I just visited the archive of Tim Brown’s Design Thinking Blog and came across the following post:
Definitions of design thinking
Tim Brown » 07 September 2008 » In design thinking »
In my HBR article I gave a ‘definition’ of design thinking. It was:
Design thinking can be described as a discipline that uses the designer’s sensibility and methods to match people’s needs with what is technologically feasible and what a viable business strategy can convert into customer value and market opportunity.
On reflection this is a narrow description that focuses on design thinking’s role within business. The next sentence that I wrote.“….design thinking converts need into demand” , which I borrowed from Peter Drucker, broadens things out a bit but still assumes an economic motivation.
I am grappling with two questions as I think about this.
1. Is there a general definition of design thinking?

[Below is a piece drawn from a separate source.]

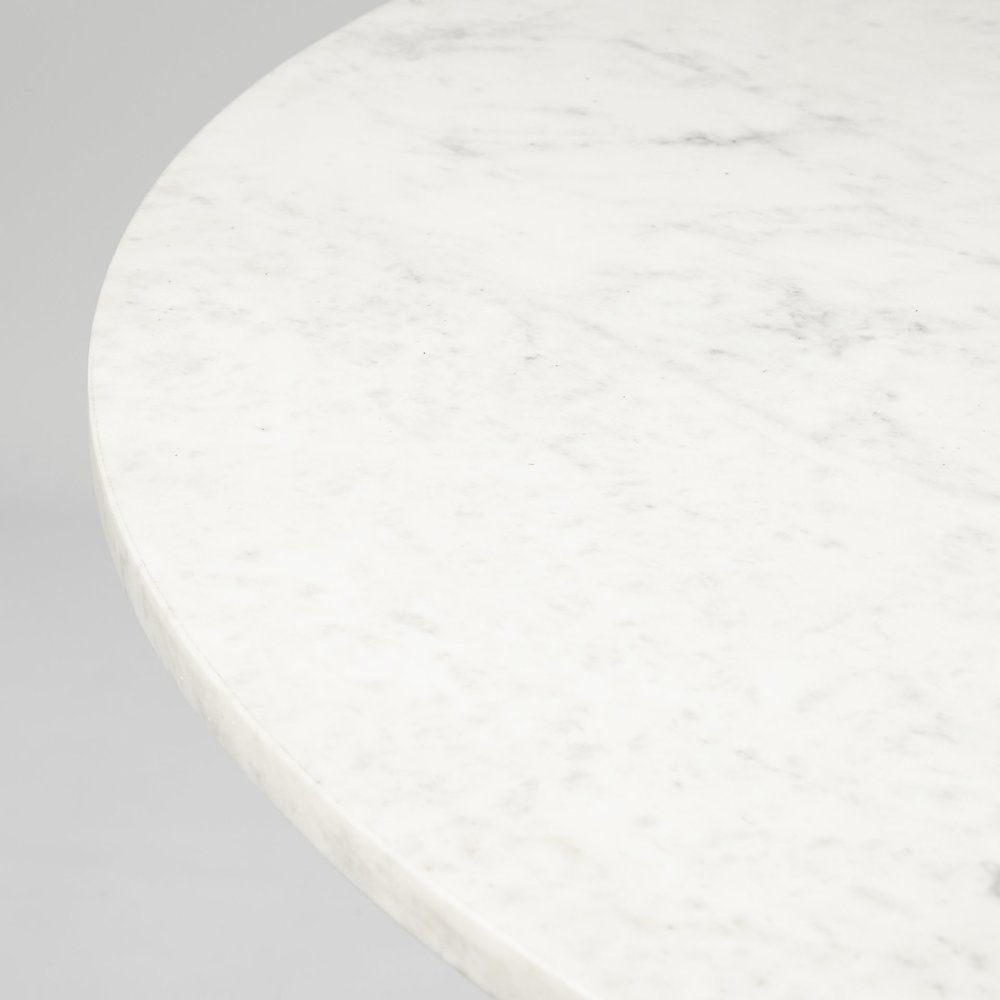 Tanner 48" Round White Marble Top Black Metal Base Dining Table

2. Is it useful to have one?
I think Tim has something very good here and suggest that the following would be a further breakdown of his classification:
- Viable: Business
- How Much: Quality
- How Many: Quanitity
- Feasible: Technology
- What: Material
- How: Process
- Desirable: Human
Obviously, if you have been following my blog, you can see the same pattern appearing and reappearing as we explore other’s concepts. The six interrogatives continue to reassert themselves. However, I think I finally nailed one more aspect on the head. I hate to say it, but it came to me in a dream about working on a programming project:
- Reliable:
- Where: Location
- When: Timing
Quantity and Quality are two aspects of design/system thinking that are continually overlooked by academics and specialists, but not business people.

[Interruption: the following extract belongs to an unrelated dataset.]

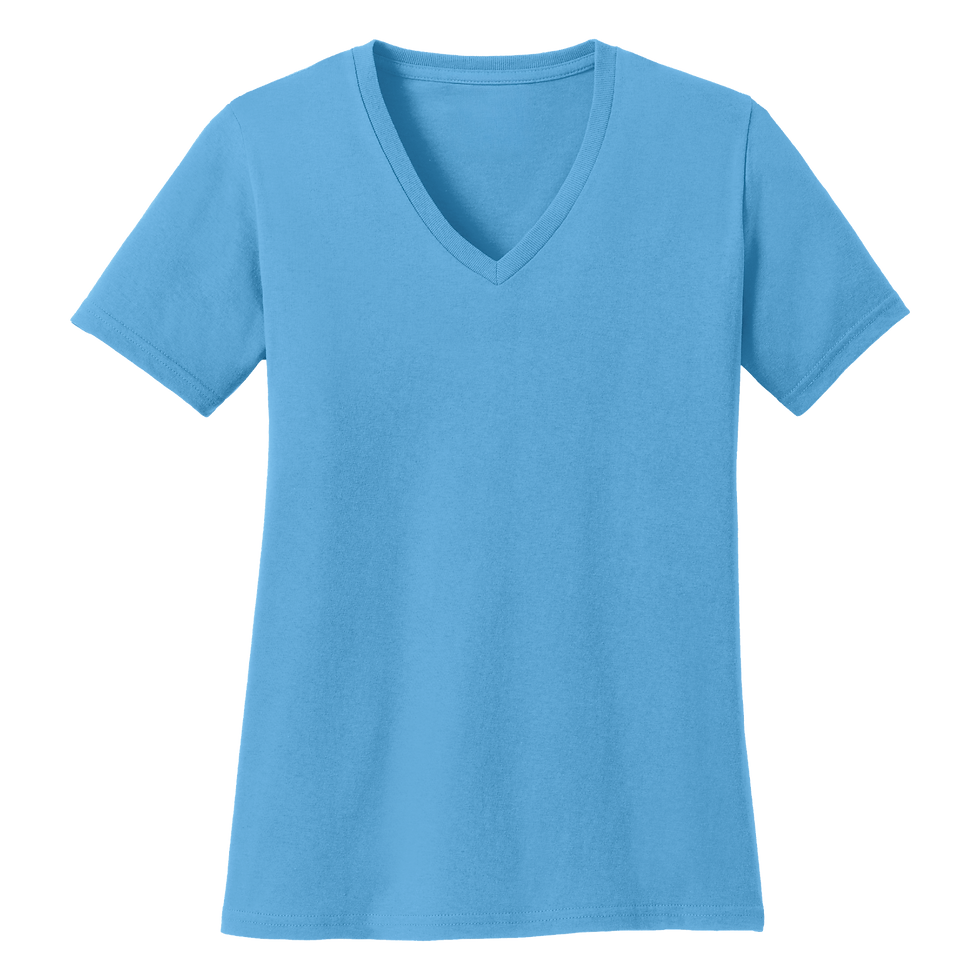 Aquatic blue Port & Company women's short sleeve v-neck t-shirt - front view.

Interestingly enough this perspective is not new. Clayton M. Christensen in his book The Innovator’s Dilemma discusses a four part model that fits nicely with this:
- Availability
- Compatibility
- Reliability
- Cost
I consider, Clayton’s the most empirical ordering. Consequently, I would like to mesh Tim’s, Clayton’s and my perspective into the following:
- Feasibility: Technology
- How
- What
- Compatibility: Personality
- Why
- Who
- Availability: Market
- Where
- When
- Viability: Business
- How Much
- How Many
Now, looking at this I am reminded of Malcolm Gladwell’s book, Tipping Point, and it adds the following character to the model:
- Feasability: Mavin
- How: Processes
- What: Materials
- Compatibility: Connector
- Why: Goals
- Who: People
- Availability: Salesman
- Where: Locations
- When: Schedules
- Viability: Customer
- How Much: Costs
- How Many: Units
Universe: A Multi-Dimensional Medium
Let’s do a thought experiment. I want to take design thinking and abstract it to a system.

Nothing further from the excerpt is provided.